TASK ::
The entries below contain pictures. Write out only the lines from the line with "Lds Cherry polo - peacock blue-1" up to and including the line with "Gasoline pump nozzle", exactly, without them.

PROVIDED INFORMATION ::
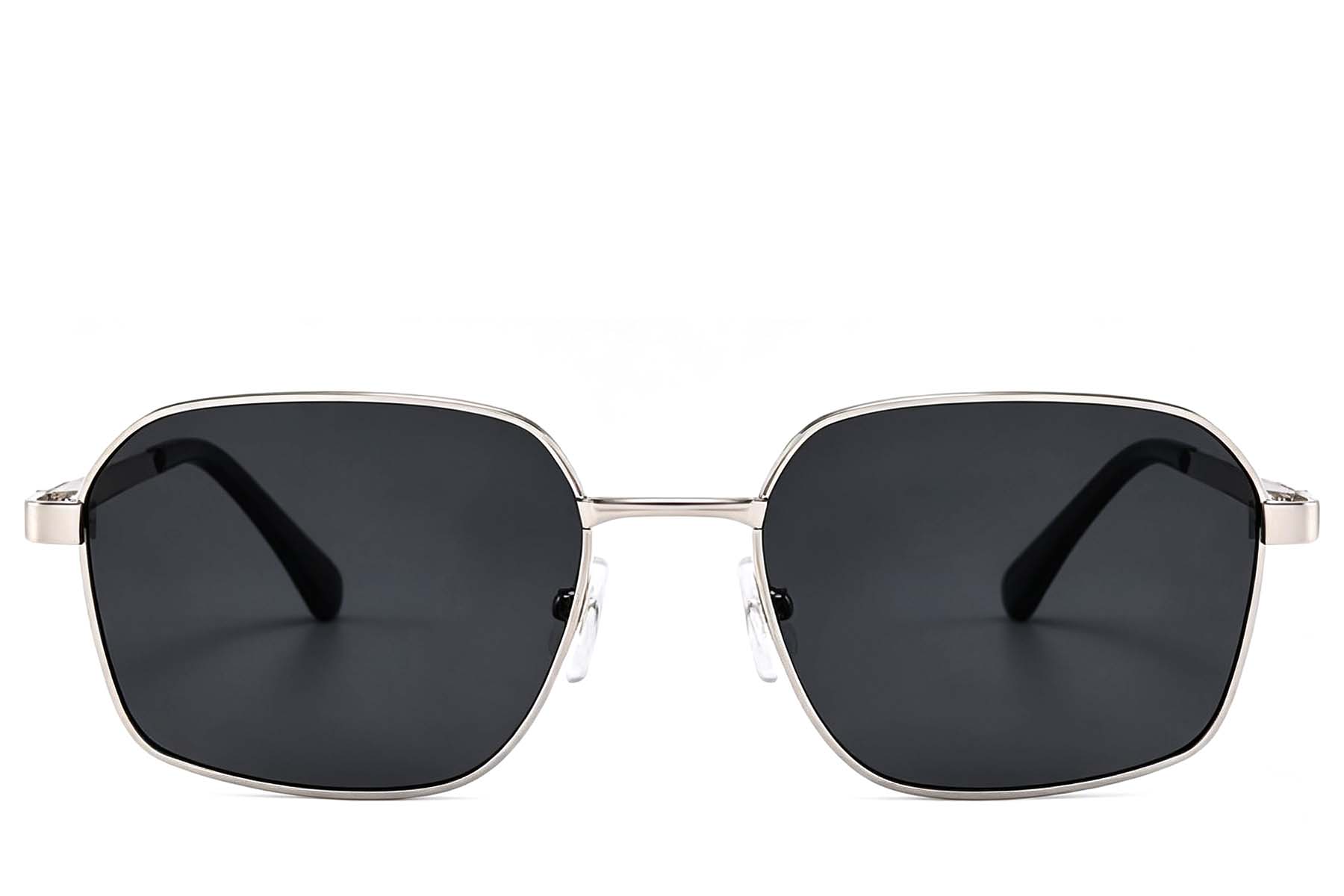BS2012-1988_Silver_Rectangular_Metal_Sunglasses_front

==

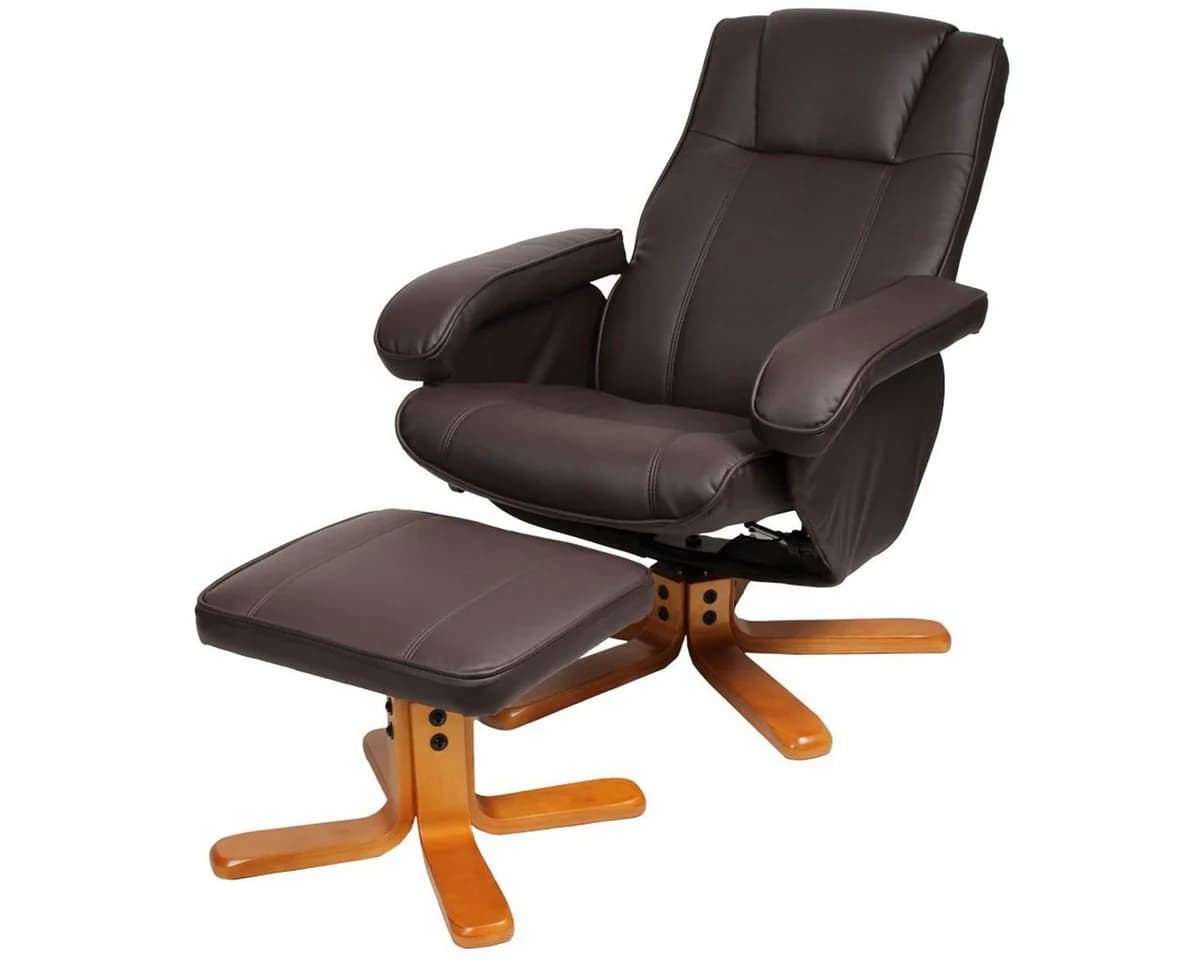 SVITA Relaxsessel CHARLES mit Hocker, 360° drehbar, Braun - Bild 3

--

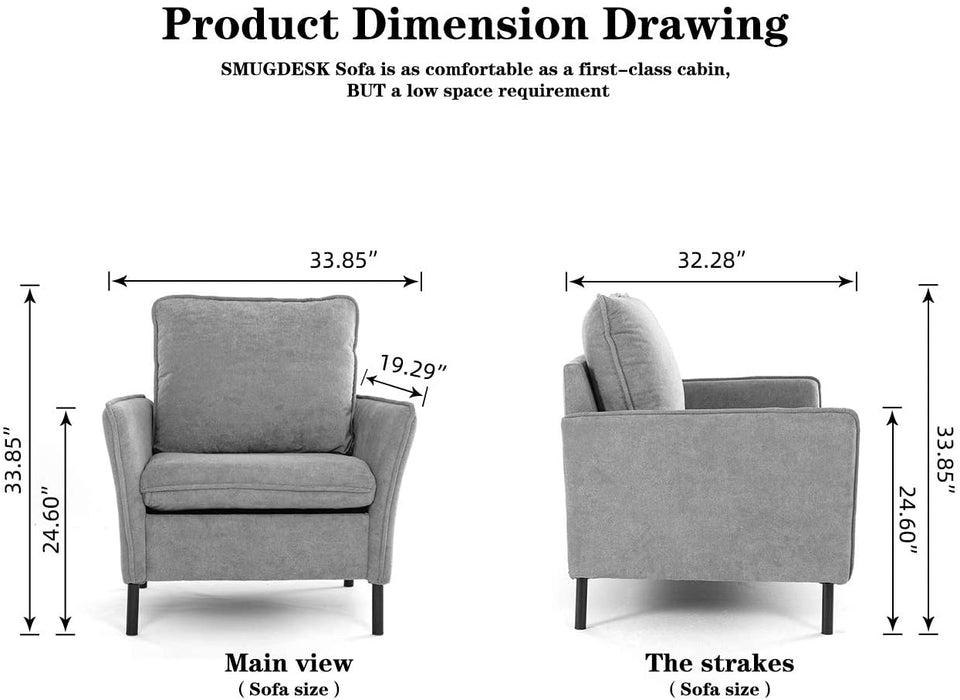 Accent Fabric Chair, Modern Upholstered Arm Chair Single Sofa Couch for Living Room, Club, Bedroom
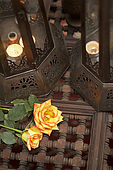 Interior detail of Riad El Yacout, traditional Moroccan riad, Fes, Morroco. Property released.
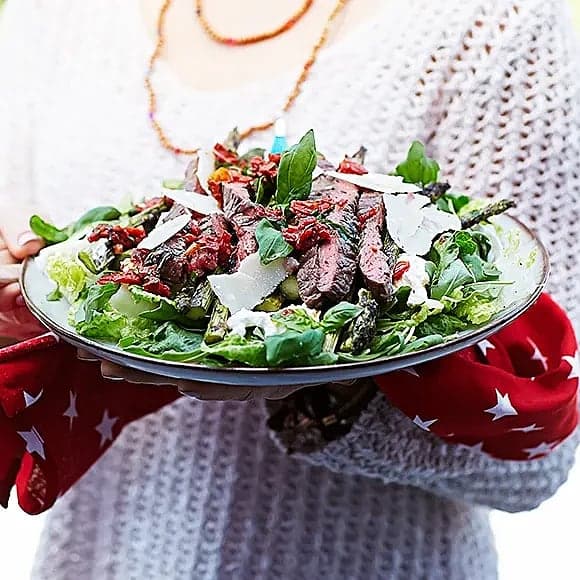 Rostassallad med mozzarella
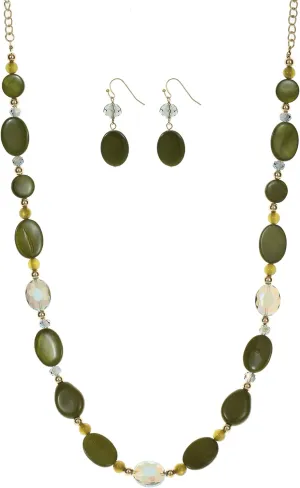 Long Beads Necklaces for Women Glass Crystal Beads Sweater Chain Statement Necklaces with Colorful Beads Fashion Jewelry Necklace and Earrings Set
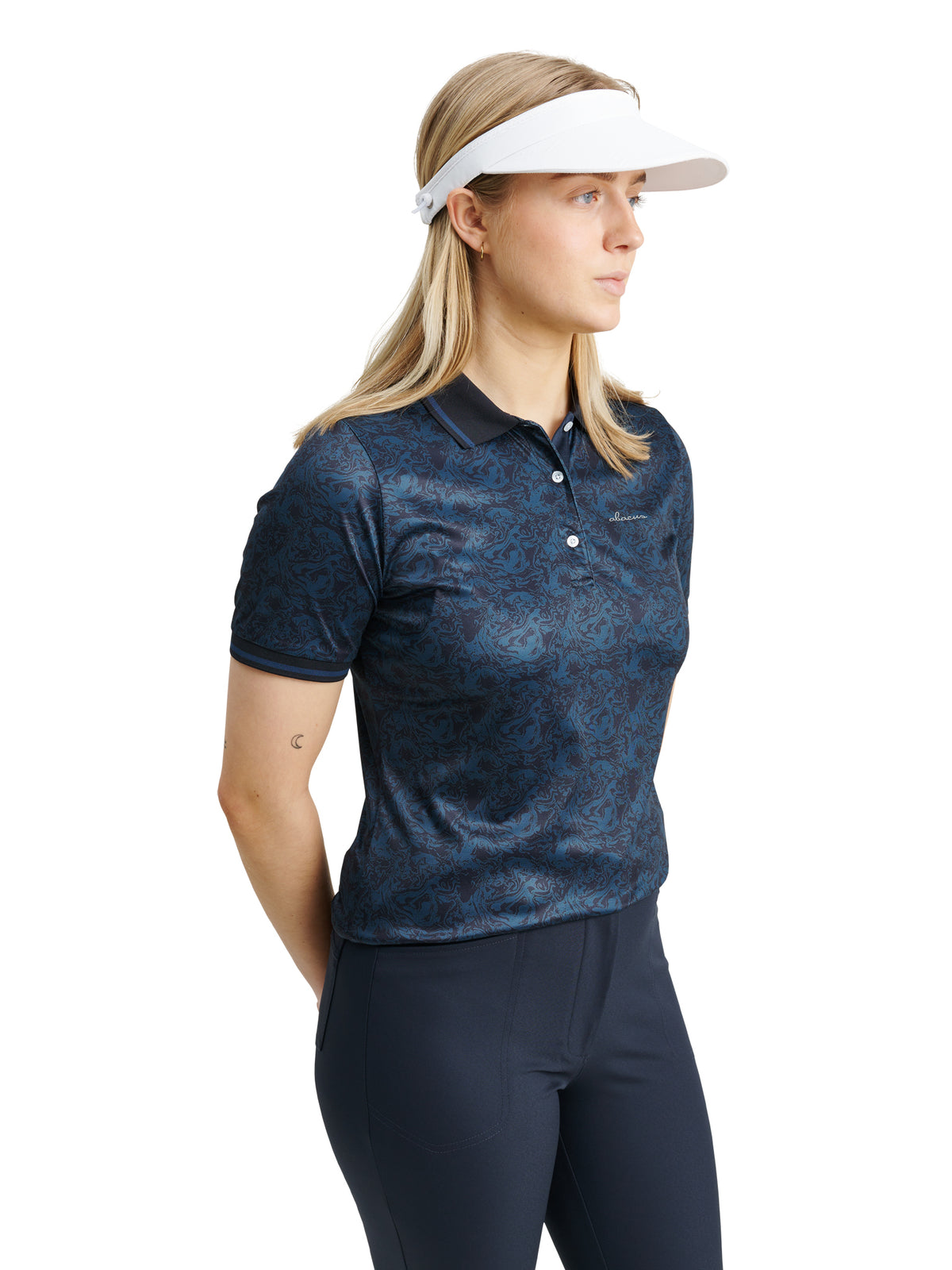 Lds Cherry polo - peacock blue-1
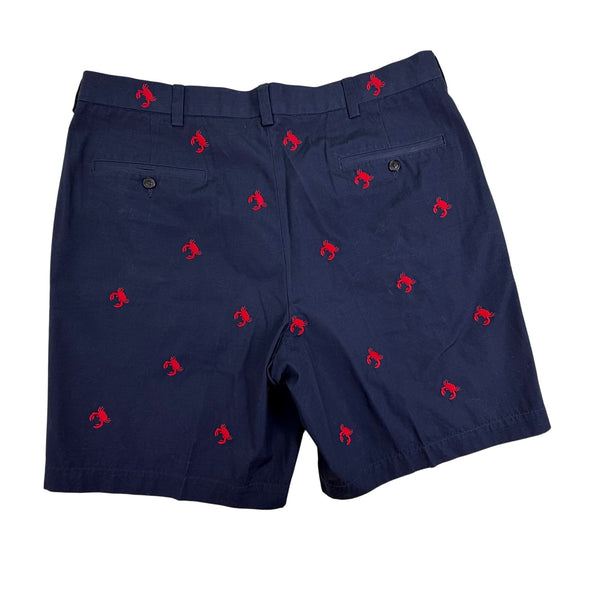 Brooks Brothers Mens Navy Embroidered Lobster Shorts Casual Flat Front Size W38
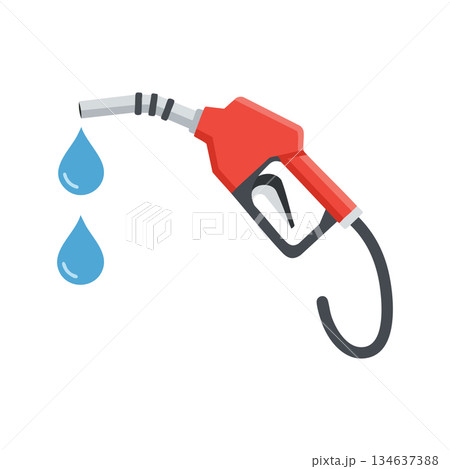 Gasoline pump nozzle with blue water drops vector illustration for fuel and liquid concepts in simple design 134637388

TASK OUTPUT ::
 Lds Cherry polo - peacock blue-1
 Brooks Brothers Mens Navy Embroidered Lobster Shorts Casual Flat Front Size W38
 Gasoline pump nozzle with blue water drops vector illustration for fuel and liquid concepts in simple design 134637388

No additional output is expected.